Task to carry out:
Return each line of the records below that contains the word "background".

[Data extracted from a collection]

◆ ◆ ◆ ◆ ◆ ◆ ◆

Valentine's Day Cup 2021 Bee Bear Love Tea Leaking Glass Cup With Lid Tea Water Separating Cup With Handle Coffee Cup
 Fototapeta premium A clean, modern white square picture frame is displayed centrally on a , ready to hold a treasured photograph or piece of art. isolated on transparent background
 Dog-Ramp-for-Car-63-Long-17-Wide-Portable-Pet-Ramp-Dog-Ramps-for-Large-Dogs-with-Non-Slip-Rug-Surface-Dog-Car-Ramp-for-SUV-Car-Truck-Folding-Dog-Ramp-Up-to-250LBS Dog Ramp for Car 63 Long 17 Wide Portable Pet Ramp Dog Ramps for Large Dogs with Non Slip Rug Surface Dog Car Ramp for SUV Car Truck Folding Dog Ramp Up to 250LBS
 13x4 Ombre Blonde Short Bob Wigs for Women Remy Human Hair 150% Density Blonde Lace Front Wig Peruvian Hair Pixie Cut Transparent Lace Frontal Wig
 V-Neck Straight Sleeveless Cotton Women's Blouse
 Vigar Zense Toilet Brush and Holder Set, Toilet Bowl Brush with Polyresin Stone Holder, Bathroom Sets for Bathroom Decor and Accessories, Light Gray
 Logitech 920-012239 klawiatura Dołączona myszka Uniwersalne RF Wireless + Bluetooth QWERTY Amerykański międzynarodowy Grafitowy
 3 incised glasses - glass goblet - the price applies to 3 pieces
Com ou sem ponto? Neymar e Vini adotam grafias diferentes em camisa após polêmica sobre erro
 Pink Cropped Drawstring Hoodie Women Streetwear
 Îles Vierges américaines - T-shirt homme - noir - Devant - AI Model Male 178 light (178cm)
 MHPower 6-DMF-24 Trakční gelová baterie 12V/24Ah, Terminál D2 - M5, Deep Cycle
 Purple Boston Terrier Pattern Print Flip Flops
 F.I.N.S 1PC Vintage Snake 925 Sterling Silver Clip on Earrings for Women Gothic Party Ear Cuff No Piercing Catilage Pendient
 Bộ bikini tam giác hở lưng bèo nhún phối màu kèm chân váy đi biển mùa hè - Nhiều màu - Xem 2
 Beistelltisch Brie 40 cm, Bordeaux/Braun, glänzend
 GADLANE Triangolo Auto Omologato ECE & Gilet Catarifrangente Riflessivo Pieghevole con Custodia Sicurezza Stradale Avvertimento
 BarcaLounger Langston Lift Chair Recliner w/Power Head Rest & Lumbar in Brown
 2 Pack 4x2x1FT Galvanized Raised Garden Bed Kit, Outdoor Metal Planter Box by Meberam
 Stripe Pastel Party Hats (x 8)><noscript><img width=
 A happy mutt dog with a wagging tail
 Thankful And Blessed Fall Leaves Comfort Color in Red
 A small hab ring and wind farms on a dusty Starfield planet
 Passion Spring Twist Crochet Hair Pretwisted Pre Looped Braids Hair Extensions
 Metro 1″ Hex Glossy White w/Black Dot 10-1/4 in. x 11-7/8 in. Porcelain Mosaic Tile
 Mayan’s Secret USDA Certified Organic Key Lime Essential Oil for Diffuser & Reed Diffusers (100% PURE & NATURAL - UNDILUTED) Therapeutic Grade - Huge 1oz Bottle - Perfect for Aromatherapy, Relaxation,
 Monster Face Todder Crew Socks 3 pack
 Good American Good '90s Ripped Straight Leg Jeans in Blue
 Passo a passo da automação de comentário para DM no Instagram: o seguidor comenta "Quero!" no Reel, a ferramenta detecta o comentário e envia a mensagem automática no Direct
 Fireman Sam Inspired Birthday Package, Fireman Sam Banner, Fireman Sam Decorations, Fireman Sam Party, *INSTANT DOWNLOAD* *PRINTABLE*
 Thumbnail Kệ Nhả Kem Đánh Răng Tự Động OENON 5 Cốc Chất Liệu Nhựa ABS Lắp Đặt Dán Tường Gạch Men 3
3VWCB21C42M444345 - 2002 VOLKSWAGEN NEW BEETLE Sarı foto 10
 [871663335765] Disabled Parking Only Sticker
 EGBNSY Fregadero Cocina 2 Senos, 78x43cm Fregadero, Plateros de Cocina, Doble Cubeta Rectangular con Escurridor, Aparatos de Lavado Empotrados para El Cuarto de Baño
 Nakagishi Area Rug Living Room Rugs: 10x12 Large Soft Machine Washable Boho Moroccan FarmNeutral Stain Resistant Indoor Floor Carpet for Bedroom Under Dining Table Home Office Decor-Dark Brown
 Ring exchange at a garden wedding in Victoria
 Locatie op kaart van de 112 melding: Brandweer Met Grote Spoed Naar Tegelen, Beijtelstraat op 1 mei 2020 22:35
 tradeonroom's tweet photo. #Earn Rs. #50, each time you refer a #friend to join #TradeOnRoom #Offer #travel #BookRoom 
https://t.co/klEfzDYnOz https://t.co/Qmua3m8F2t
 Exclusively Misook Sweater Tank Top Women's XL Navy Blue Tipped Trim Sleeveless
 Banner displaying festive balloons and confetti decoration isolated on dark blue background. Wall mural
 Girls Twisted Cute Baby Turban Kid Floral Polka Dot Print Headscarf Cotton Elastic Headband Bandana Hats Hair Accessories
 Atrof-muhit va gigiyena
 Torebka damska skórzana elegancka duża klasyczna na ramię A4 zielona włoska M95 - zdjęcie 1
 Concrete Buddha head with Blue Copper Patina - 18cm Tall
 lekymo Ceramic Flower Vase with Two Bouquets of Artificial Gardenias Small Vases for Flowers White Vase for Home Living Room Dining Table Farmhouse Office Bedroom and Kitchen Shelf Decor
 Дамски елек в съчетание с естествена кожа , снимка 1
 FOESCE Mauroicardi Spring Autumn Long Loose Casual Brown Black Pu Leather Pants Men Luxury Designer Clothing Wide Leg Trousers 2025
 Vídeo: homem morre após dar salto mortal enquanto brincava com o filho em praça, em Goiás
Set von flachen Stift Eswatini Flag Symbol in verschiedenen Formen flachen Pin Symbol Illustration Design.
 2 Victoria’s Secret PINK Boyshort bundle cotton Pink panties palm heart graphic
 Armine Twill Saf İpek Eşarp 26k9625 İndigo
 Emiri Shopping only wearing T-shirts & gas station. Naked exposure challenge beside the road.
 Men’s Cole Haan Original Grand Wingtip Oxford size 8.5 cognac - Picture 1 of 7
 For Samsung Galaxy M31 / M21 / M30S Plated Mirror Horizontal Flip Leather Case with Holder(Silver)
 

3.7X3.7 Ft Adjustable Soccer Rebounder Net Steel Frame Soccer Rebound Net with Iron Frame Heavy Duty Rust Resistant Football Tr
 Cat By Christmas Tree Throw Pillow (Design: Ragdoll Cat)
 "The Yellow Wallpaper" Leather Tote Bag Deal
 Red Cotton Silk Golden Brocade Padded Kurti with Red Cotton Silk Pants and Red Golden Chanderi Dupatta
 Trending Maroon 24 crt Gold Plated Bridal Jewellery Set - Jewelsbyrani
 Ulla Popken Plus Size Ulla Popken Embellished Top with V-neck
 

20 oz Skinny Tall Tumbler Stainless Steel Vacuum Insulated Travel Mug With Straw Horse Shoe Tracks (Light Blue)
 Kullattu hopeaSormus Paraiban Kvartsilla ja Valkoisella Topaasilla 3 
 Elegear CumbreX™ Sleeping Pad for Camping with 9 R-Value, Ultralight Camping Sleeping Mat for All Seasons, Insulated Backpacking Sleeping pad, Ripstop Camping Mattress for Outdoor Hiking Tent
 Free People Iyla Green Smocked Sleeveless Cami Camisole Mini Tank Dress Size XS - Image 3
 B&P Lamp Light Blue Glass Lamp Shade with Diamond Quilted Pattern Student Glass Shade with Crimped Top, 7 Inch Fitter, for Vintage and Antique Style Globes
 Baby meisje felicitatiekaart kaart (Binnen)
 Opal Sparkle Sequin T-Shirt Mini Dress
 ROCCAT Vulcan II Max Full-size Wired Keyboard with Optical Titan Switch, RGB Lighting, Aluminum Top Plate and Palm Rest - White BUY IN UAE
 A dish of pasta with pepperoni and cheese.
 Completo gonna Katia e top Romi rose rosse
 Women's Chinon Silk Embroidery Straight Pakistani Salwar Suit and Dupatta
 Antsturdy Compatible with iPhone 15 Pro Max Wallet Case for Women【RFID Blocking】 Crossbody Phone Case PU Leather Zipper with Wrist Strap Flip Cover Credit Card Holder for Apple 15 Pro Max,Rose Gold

◆ ◆ ◆ ◆ ◆ ◆ ◆

Task output:
 Fototapeta premium A clean, modern white square picture frame is displayed centrally on a , ready to hold a treasured photograph or piece of art. isolated on transparent background
 Banner displaying festive balloons and confetti decoration isolated on dark blue background. Wall mural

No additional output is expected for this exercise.